• _REQUIRED WORK_: Set each line of the material below down word for word, from the first through the line that holds "COP17 sur la", but not the pictures.

• _MATERIALS PROVIDED_:
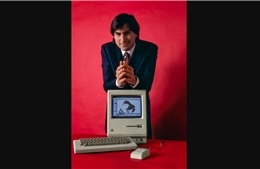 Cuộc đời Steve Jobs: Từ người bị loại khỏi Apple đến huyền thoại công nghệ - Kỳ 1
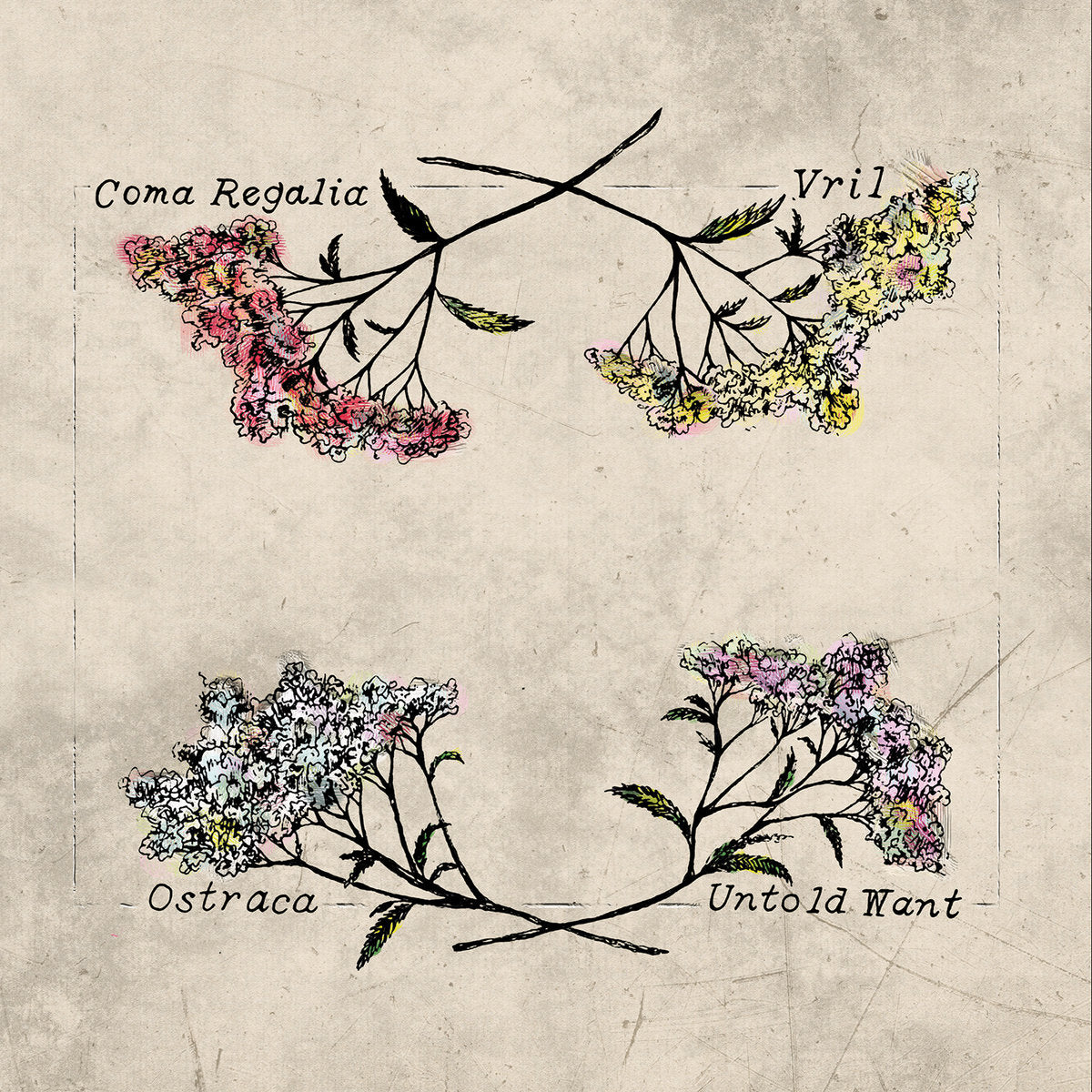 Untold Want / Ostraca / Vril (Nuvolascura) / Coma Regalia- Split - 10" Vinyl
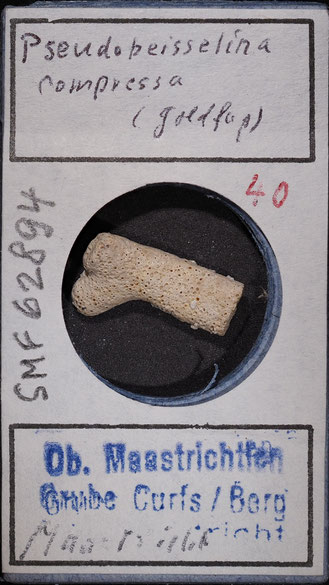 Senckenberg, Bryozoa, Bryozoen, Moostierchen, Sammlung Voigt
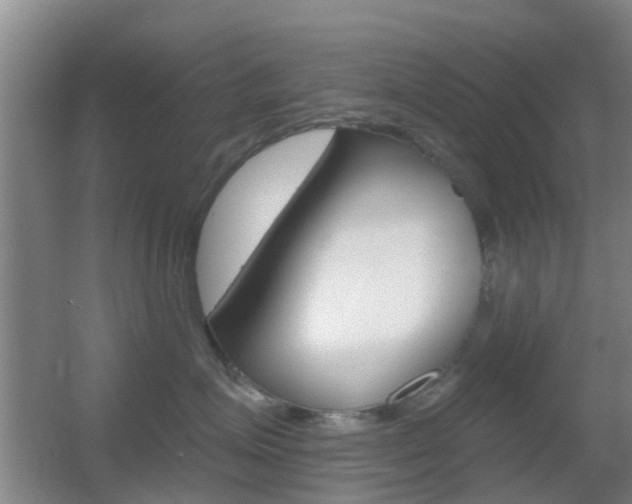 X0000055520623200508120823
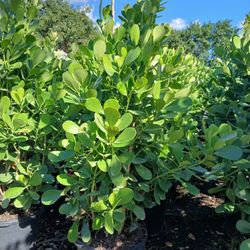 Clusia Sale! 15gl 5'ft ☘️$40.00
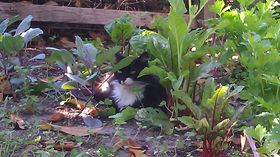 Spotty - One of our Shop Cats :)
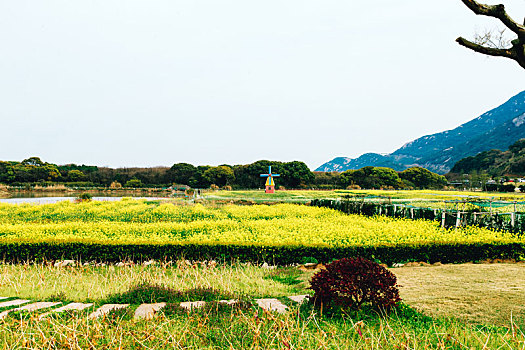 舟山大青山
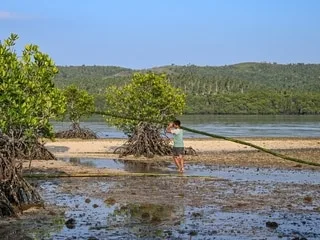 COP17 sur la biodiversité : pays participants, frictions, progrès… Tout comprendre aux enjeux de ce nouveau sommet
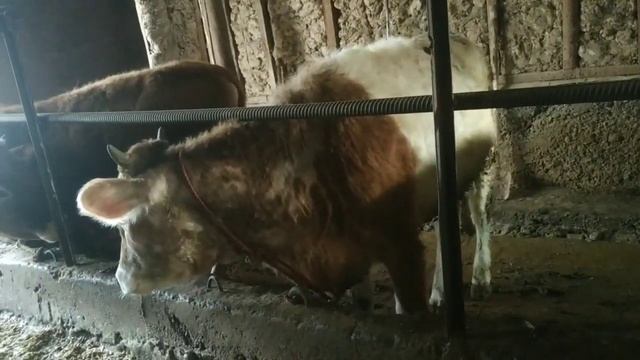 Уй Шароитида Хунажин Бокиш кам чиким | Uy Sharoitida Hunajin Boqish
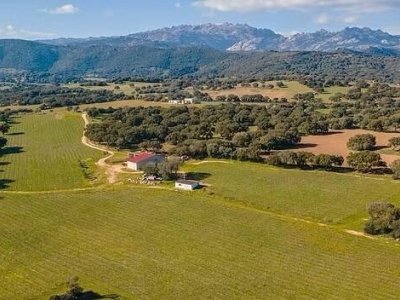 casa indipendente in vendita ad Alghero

• _OUTPUT FOR THIS TASK_:
 Cuộc đời Steve Jobs: Từ người bị loại khỏi Apple đến huyền thoại công nghệ - Kỳ 1
 Untold Want / Ostraca / Vril (Nuvolascura) / Coma Regalia- Split - 10" Vinyl
 Senckenberg, Bryozoa, Bryozoen, Moostierchen, Sammlung Voigt
 X0000055520623200508120823
 Clusia Sale! 15gl 5'ft ☘️$40.00
 Spotty - One of our Shop Cats :)
 舟山大青山
 COP17 sur la biodiversité : pays participants, frictions, progrès… Tout comprendre aux enjeux de ce nouveau sommet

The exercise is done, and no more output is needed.